Le Pays des Pharaons aura fort à faire pour venir à bout des terroristes d’Ansar Beit el-Maqdis. Son serment d’allégeance à Daech, en novembre dernier, n’a pas empêché le leader d’al-Qaïda, Ayman el-Zawahiri, de lui envoyer un message de soutien. Sans oublier que l’instabilité régionale actuelle − au premier rang figure la Libye − facilite l’approvisionnement et l’acheminement des armes.
L’Egypte apparaît comme un nouvel enjeu pour les jihadistes du monde entier. Pour l’heure, selon certains chiffres, Ansar Beit el-Maqdis compterait dans ses rangs de 700 à 1 000 combattants. Un chiffre qui pourrait rapidement grossir, avec de nouvelles recrues formées et radicalisées, de retour de Syrie. Estimés à une grosse centaine, ces combattants pourraient apporter leur expertise au groupe terroriste, et faire sombrer l’Egypte dans le chaos.
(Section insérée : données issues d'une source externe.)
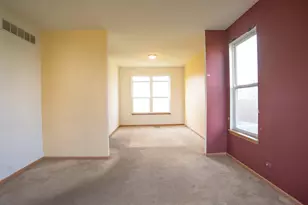 21300 Pasture Side Trail, Matteson, IL 60443 - Photo 5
Comme l’a souligné Sissi, la guerre risque d’être longue.

Jenny Saleh

La branche égyptienne de Daech
C’est le 10 novembre 2014 que les jihadistes égyptiens du groupe Ansar Beit el-Maqdis annoncent leur décision de prêter allégeance au «calife Ibrahim Ben Awad», alias Abou Bakr el-Baghdadi, le chef de l’Etat islamique. Dans un enregistrement diffusé sur Twitter, ils font ainsi serment «d’écouter et d’obéir» au calife.
Ce groupe, dont le nom signifie «les partisans de Jérusalem», est très actif dans le Sinaï depuis des années. Ansar Beit el-Maqdis a ainsi revendiqué la plupart des attaques conduites depuis le renversement du président islamiste Mohammad Morsi en juillet 2013. Jusqu’à ce qu’il prête allégeance à Daech, il affirmait s’inspirer d’al-Qaïda. Selon des sources militaires égyptiennes, l’émir du mouvement, Farhan Khamis el-Mateeka, aurait été tué le 10 octobre 2014 à Rafah, lors d’un assaut de l’armée.
D’après la correspondante au Caire du Figaro, Delphine Minoui, ces jihadistes se distinguent par «une professionnalisation de leurs opérations». «Ils ont à leur avantage la maîtrise d’un terrain escarpé qu’ils connaissent bien mieux que l’armée». Selon des habitants de la région, contactés par Delphine Minoui, Ansar Beit el-Maqdis «contrôle(rait) intégralement», certaines zones, «notamment dans la région de Cheikh Zoueid où des membres armés et encagoulés du groupe ont la main sur plusieurs check-points».
L’organisation inquiète de plus en plus, car elle apparaît dotée de moyens militaires puissants. La destruction en vol d’un hélicoptère dans le Sinaï, en janvier dernier, aurait ainsi été réalisée avec un missile portable SA 16, démontrant les capacités du mouvement.